Several staff at Grove Park, including teacher Flick Pawson, teaching assistant Chrissie Walker and music therapist Lynfa John, got together after school to share their experiences of working with Louise. Their description of the creation of The Enchanted Pig gives an insight into the story sharing process and the lasting impact that Louise has had on the pupils, and the way that the adults work with them. ‘We had a basic idea, but didn’t know how it would develop. We met the children weekly, sharing songs and starting to tell the story. We collected and made props. We looked at children’s behaviours and interests, to see how we could incorporate these into the story. Katie, for example, had a certain way of looking at her hands. We turned this into a song and whenever this appeared in the story her face lit up.’ They introduced a sword and umbrella, and Robert seized on these and became involved in having a duel. This was judged to be inappropriate in the story, but Flick maintained Robert’s interest and involvement by making him the king, who has to knight someone and say ‘down’ and ‘up’. This gave him the chance to interact with his peers more appropriately, as well as inspiring him to speak some words. This enabled him to focus, anticipate, respond and be involved with children and adults in a positive way. ‘We thought that Carrie, who has inner language but no verbal expression, was building up an understanding of when her part was coming. One afternoon the adult who was currently designated Keeper of the Objects was away. We discovered by chance that Carrie had accurate knowledge of which props were needed, and exactly when in the action they needed to be introduced. By this time we decided to include seven or eight props in the story each week. Carrie said, “Uh, uh, uh” whenever a new prop was needed. As we worked on the story week after week, Carrie became the Keeper of the Objects. When we did finally decide to share the story with an audience, Carrie was able to prompt and take an active role.

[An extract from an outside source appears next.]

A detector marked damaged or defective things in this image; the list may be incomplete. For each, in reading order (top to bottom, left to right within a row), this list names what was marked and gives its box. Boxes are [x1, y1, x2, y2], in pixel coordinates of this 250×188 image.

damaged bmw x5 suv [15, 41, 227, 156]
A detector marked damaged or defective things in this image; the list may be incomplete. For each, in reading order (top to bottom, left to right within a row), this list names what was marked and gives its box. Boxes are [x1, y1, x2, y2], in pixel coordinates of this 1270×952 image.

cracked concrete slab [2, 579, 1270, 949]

‘We worked on The Enchanted Pig over two terms. In each session we developed a new aspect to the action and narrative. Music and song were important. We made up a song about colours, and Carrie turned the different coloured pages in Louise’s large book to prompt us.

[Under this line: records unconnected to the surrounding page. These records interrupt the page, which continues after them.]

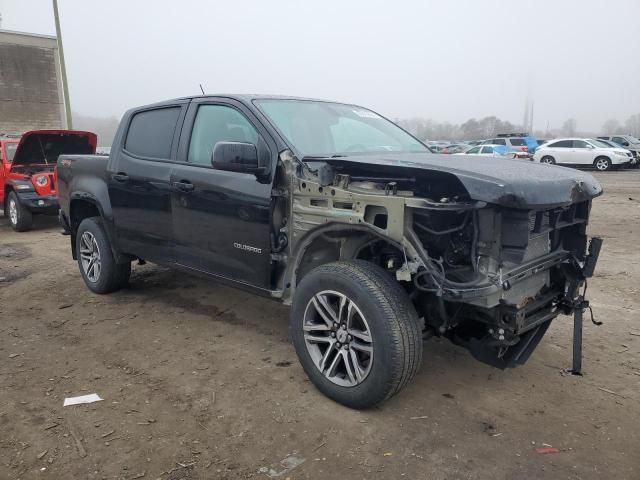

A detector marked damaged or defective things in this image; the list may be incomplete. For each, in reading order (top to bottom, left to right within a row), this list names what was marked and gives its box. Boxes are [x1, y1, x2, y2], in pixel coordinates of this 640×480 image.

crumpled hood [10, 129, 96, 169]
crumpled hood [328, 152, 604, 208]
damaged black truck [57, 96, 604, 408]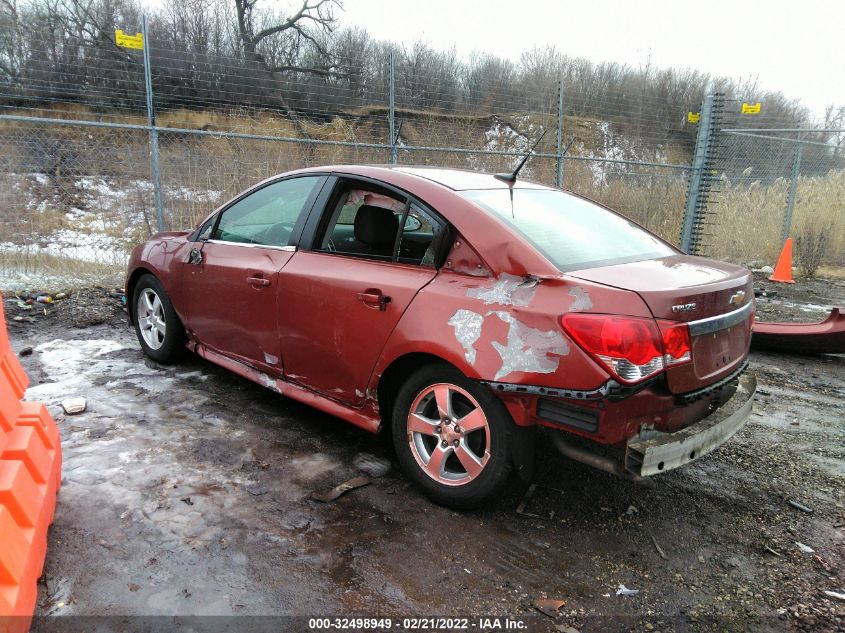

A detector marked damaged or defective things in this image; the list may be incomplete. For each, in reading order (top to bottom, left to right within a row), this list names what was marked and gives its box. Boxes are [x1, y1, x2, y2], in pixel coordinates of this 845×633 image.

dented body panel [127, 165, 760, 476]
damaged red car [127, 165, 760, 506]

‘Things don’t always go according to plan. We need to be prepared for children to do something completely different. Vicky, for example, was dancing around in a less than cooperative way, during a story for Diwali. One of us, drama teacher Lynne Griffin, said, “Oh, you are doing an Indian dance!” Vicky was taken by surprise, and she reacted positively when this became an integral part of the story each week.’

Ongoing benefits

The process of working together to create a story is as stimulating for the adults as it is for the students. Music therapist Lynfa John feels that it offers new ways of exploring children’s communication through music, while Flick Pawson sees it as an approach that crosses the curriculum in a totally imaginative way. Revisiting the stories with the children was described as being like, ‘returning to a well loved storybook. You come back to it and it will evoke memories and set off new ideas’. Louise sums up her work by saying, ‘As a therapist my work is born out of responding to people, and becoming involved in their ideas. I start with a germ of an idea. I initially lead, but soon the adults’ responsiveness encourages the children to become involved. Then it becomes their experience, and their story.’ Senior teacher Maureen Barton is more poetic, describing Louise’s sessions as being ‘like jazz, with deep structure interspersed with free improvisation’.